Agache procura se equipar para melhor lidar com a complexidade da cidade moderna. Para
tal, buscou elementos da nascente sociologia. Para ele, a cidade reflete uma ordem social:
"a aglomeração urbana é, sem dúvida, uma manifestação no plano, fachadas e volumes de
atividades humanas. Neste sentido, o urbanismo é uma aplicação da sociologia” (Agache,
1935, p.16). Acreditava que o papel do urbanista não era apenas resolver os problemas
urbanos, mas aliviar tensões sociais e amenizar o caos produzido pela sociedade moderna.

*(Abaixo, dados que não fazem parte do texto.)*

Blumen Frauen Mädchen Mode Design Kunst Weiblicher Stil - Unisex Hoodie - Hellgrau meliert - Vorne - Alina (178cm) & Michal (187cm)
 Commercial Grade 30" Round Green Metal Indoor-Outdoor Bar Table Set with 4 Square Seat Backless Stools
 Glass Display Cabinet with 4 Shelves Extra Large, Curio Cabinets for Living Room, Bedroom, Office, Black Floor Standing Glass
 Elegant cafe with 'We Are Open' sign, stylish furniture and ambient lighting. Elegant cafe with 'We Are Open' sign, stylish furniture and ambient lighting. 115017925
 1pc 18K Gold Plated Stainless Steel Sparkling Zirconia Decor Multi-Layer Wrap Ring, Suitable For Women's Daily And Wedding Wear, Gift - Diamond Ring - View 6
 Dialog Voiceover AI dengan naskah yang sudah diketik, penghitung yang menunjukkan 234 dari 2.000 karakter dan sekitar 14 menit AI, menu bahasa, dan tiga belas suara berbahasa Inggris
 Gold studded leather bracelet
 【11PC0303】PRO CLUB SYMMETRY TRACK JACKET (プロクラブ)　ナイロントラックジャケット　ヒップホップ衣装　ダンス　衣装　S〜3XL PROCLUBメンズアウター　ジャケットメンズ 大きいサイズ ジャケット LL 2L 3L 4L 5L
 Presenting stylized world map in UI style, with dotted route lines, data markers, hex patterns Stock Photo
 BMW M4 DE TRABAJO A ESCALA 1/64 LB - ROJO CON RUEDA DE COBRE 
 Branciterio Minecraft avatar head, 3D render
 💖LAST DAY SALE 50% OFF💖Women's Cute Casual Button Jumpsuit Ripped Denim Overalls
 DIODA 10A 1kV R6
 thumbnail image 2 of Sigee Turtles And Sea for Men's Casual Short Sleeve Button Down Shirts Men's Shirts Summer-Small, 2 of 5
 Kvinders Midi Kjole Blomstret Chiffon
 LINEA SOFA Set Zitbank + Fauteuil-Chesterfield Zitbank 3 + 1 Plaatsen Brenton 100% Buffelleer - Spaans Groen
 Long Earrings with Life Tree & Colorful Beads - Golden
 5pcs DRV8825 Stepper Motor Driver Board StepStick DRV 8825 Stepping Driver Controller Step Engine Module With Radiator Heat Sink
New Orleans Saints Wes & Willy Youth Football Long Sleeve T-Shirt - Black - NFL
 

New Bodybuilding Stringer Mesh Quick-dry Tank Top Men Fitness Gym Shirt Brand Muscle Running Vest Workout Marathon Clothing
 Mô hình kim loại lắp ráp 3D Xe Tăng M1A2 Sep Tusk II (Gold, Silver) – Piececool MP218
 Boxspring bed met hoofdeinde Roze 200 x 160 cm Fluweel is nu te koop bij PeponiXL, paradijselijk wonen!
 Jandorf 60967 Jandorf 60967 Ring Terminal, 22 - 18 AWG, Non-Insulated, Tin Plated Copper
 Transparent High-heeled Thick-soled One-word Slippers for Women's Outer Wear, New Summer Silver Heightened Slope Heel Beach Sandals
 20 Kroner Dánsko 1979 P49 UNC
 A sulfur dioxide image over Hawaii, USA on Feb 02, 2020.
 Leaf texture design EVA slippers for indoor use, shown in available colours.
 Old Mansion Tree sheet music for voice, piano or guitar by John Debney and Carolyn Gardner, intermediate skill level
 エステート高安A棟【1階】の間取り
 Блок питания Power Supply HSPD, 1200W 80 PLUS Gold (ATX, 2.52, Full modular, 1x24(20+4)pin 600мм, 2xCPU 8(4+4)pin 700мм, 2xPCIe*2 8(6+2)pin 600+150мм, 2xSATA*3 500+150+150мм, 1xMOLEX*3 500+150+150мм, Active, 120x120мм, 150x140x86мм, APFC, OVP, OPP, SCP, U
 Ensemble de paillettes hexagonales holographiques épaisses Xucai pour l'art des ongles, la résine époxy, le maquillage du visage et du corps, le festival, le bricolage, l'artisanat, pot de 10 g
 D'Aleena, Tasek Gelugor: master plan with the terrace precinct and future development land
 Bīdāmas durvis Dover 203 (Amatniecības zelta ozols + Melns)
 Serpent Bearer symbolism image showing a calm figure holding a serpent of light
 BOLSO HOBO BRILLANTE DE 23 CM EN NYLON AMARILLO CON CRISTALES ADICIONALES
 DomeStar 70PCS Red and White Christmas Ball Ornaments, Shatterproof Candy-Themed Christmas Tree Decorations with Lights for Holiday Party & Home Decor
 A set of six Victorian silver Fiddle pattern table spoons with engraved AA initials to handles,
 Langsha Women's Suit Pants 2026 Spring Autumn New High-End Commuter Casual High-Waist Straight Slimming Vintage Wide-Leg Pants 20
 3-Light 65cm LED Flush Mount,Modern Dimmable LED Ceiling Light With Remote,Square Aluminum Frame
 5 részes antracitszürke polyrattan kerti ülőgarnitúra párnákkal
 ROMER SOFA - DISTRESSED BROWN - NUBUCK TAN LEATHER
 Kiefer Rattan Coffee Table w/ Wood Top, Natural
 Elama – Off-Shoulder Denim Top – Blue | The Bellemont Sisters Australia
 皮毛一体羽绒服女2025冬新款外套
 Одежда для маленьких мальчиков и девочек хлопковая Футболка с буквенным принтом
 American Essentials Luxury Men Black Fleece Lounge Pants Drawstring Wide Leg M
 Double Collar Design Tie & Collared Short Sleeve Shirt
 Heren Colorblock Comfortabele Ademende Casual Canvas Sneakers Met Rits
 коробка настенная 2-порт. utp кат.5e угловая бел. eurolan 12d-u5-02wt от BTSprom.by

A cidade deveria ser estável e harmoniosa de modo a trazer o progresso e conforto para o
indivíduo. O aspecto plástico e arquitetônico da cidade também deve incutir e condensar
valores sociais. Para Agache, o urbanismo é técnica que fornece um sentido social para a
cidade.
A construção da disciplina urbanismo envolveu uma complexa rede de transferência de
ideias durante a última década do século XIX e as primeiras décadas do século XX. Agache buscou elementos em diferentes ideias dos primeiros urbanistas: os estudos sobre a
evolução urbana de Marcel Poéte, a preocupação com as redes viárias de Eugène Hénard,
na mediação entre a heranças clássicas e as demandas modernas de Tony Garnier, a forma
de abordar as cidades e sua inserção no território proposta por Patrick Geddes, as
preocupações com a beleza, a dimensão arquitetônica da cidade e o bem estar psíquico dos
pedestres de Camilo Sitte, o tratamento de áreas suburbanas e residenciais Raymond
Unwin, os grandes conjuntos monumentais do movimento norte-americano City Beautiful.
Agache seletivamente se apropriou de ideias de outros planejadores urbanos em uma
combinação singular.
Agache trouxe ao Brasil, em 1928, uma forma de pensar, abordar e planejar cidades. O Rio
de Janeiro, mais do que qualquer outra cidade, tornar-se-ia um campo primordial de
experimentação para ele. O plano do Rio foi um marco não apenas para o urbanismo
brasileiro, mas também um dos melhores exemplos da irradiação do urbanismo da SFU.